PDN Photo of the Day

Everyday Magic in a Fading Russian Village

St. Petersburg-based photographer Ekaterina Vasilyeva reports that in the past twenty years, 25,000 Russian villages have disappeared, and that number again is on the verge of being lost today. One of those villages is Andrushino, a tiny town in the Russian region of Pskov, the area where her grandparents grew up. Vasilyeva spent five years shooting her series “After the Firebird” there, exploring the sharp, dreamy shape of life in the town and its connections the world of fairy tales and folklore. In her images, characters from old stories about talking bears and wish-granting fish are hinted at by a picture of a bearskin rug with a ferocious open mouth or a red tub of gold-flecked fish.
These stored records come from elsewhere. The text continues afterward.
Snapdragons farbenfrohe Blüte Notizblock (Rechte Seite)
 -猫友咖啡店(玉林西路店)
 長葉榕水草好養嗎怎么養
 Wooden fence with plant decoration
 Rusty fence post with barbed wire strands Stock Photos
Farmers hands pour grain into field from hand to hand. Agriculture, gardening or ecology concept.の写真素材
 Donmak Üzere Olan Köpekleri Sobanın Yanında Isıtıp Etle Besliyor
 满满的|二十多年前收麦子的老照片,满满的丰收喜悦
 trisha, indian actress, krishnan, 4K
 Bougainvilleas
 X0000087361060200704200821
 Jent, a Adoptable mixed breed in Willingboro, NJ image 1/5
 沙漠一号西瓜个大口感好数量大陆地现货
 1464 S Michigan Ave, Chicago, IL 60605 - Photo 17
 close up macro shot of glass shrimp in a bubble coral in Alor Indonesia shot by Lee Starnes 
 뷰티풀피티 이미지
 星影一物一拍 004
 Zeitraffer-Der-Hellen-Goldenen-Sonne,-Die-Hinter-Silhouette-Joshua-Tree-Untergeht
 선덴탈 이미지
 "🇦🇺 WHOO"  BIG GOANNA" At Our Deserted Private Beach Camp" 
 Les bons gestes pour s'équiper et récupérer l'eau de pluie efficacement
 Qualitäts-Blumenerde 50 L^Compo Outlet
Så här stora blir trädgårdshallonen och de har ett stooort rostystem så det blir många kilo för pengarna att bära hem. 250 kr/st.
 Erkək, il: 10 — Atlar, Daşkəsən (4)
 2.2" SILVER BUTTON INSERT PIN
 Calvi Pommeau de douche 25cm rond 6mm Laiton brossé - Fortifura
In Andrushino, she writes in a statement, “I have been subconsciously looking for overt or covert manifestations of people’s magic. I think that it is as much a part of our being as history and geography. Faced with a fabulous world of folklore you soon realize that..all the beliefs and superstitions, charms and rituals, tales and fables are…an immediate response of the collective soul to the mysterious currents of the natural elements.” The Firebird in Vasilyeva’s title, from Slavic mythology, is accused in some stories of stealing the King’s golden apples. In an image of apples rotting in the grass—and in others that depict decline—Vasilyeva uses real markers from nature to show the fading romance of this invisible world.